**TASK PROMPT**
Pictures stay out of the copy; output exactly the lines from the one containing "Viper GTS Coupe 2D image" through the end of the material.

**DATA TO USE**
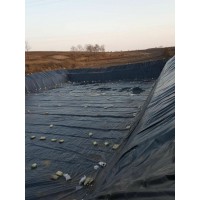 福建2.0毫米抗撕裂防渗土工膜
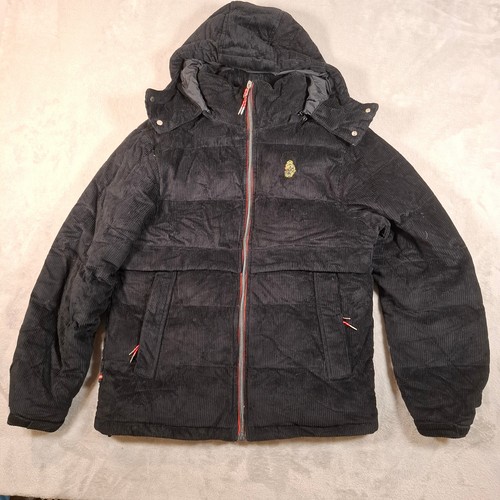 Luke sport puffer jacket - puffer, uomo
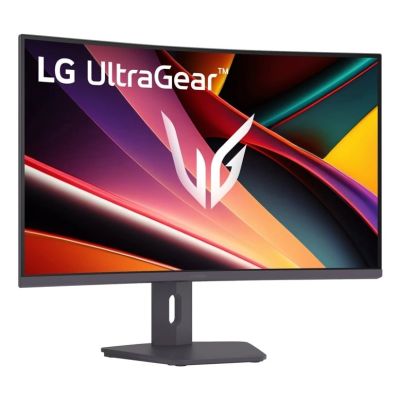 2. MONITOR LG LED UltraGear QHD 31,5" 32G600A-B 180Hz
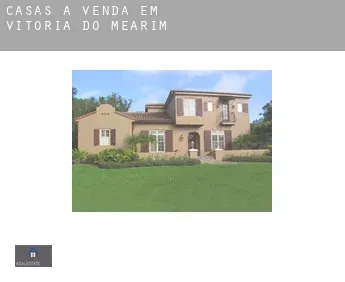 Casas à venda em  Vitória do Mearim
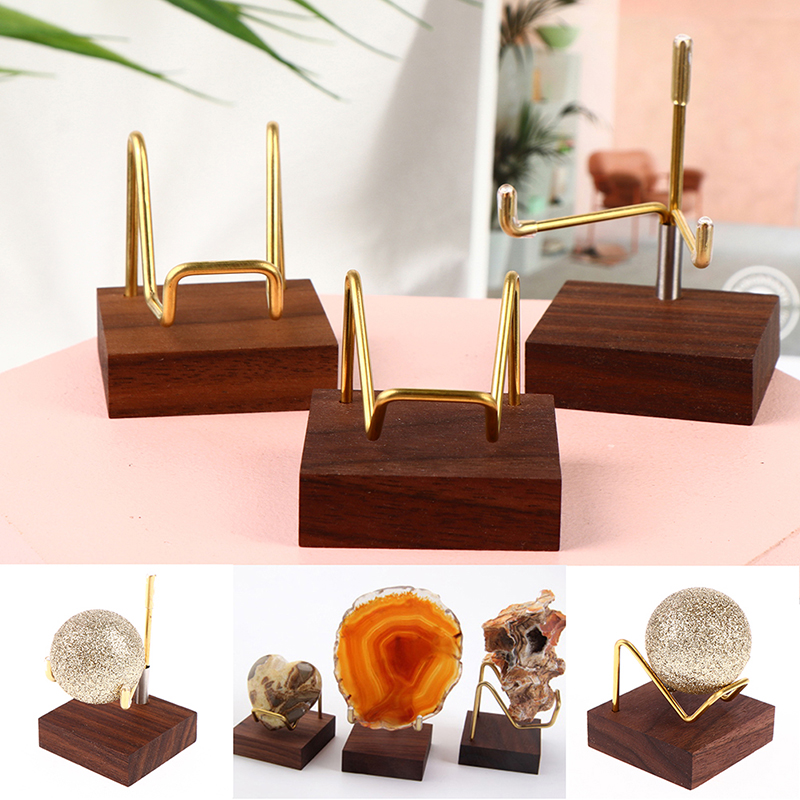 1PC Art Craft Display Stand Wo - đánh giá và giá Art Craft Display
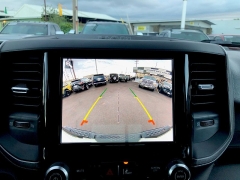 New 2026  Ram 1500 4WD Warlock 4x4 Crew Cab 5'7" Box at IK Auto Group near Hilo, HI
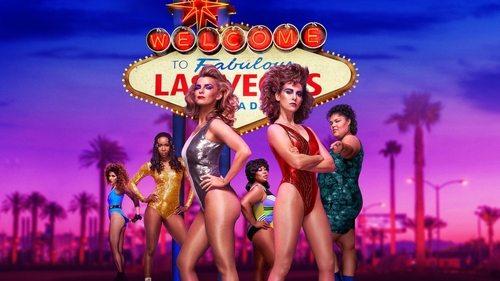 GLOW filmas žiurėti online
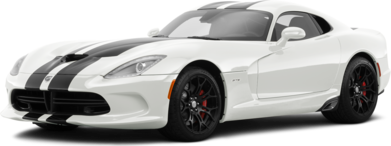 Viper GTS Coupe 2D image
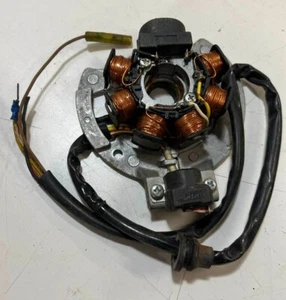 Yamaha Riva 180 1983-85 Stator - Picture 1 of 5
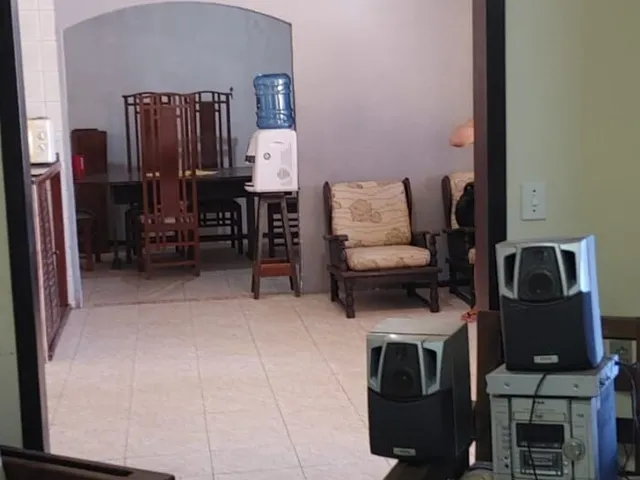 Imagem 9: Sobrado em Shangrila, Pontal do Paraná/Pr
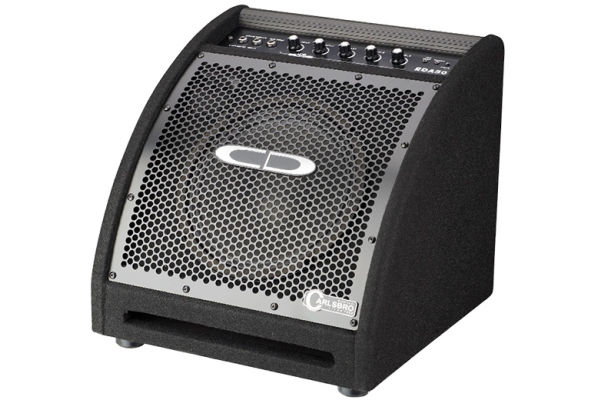 EDA50B Bluetooth Powered Monitor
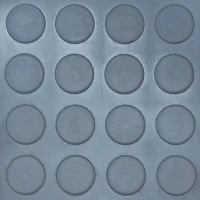 Рулонное резиновое покрытие ТЭП 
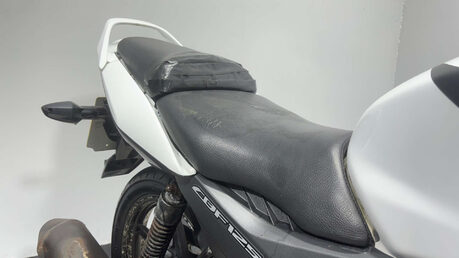 Honda CBF125 CBF 125 2011 37K SPARES OR REPAIR PROJECT BIKE 125CC LEARNER 29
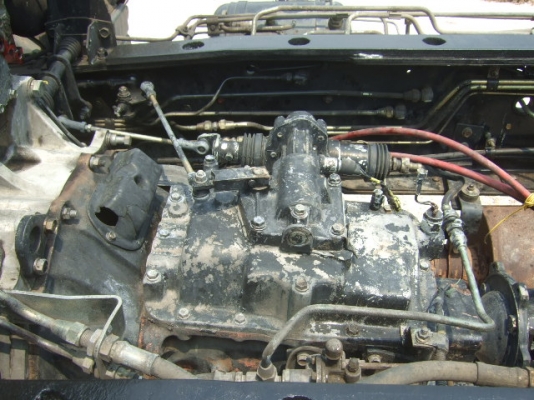 ขาย 10 ล้อ FM1J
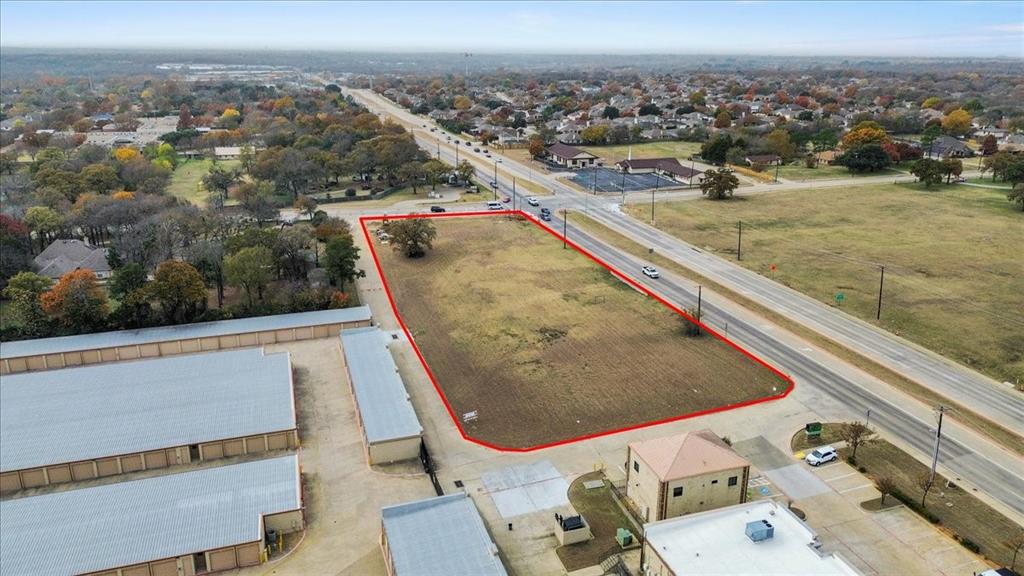 1401 Fm-1187 Property Photo 1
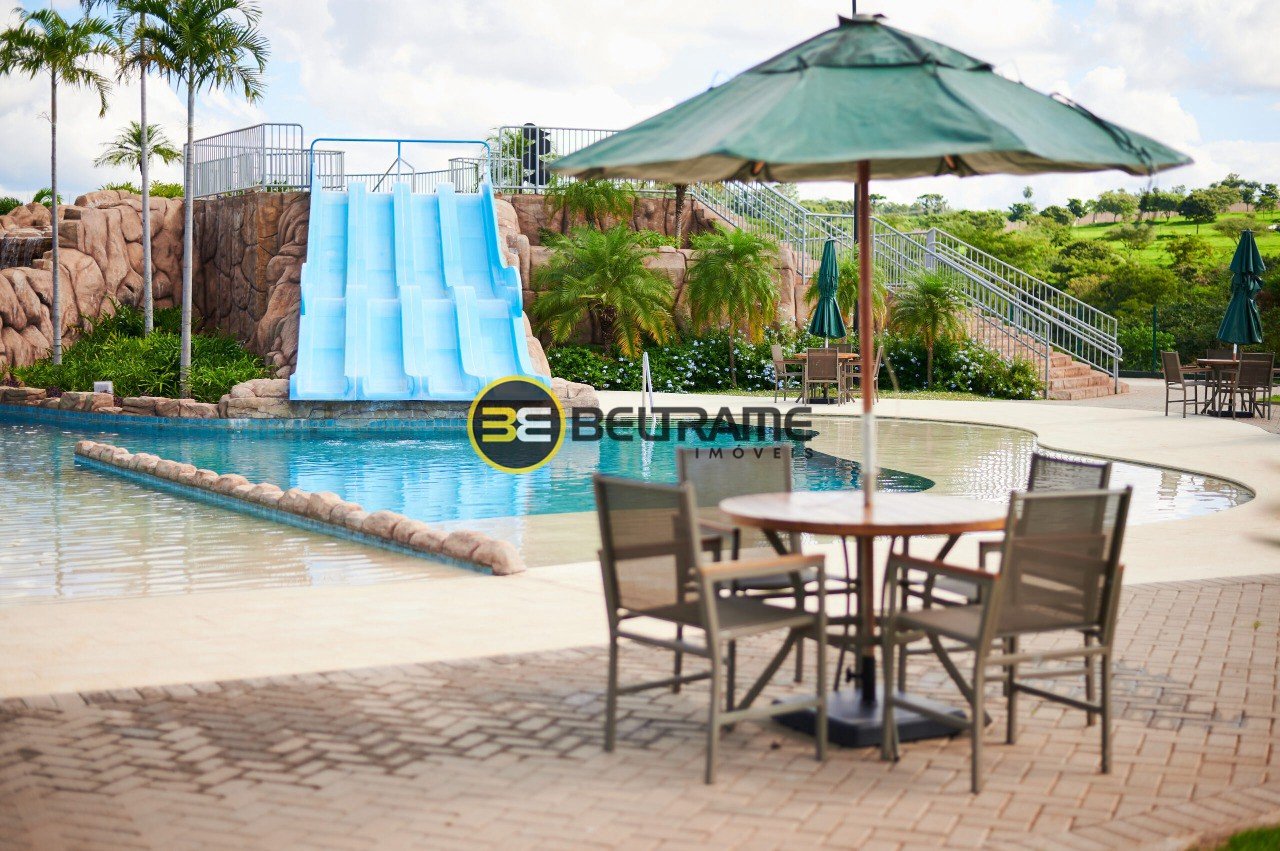 Terreno no Condominio Jardins de Monet Residence - Maringá - 689.000,00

**EXERCISE RESULT**
 Viper GTS Coupe 2D image
 Yamaha Riva 180 1983-85 Stator - Picture 1 of 5
 Imagem 9: Sobrado em Shangrila, Pontal do Paraná/Pr
 EDA50B Bluetooth Powered Monitor
 Рулонное резиновое покрытие ТЭП 
 Honda CBF125 CBF 125 2011 37K SPARES OR REPAIR PROJECT BIKE 125CC LEARNER 29
 ขาย 10 ล้อ FM1J
 1401 Fm-1187 Property Photo 1
 Terreno no Condominio Jardins de Monet Residence - Maringá - 689.000,00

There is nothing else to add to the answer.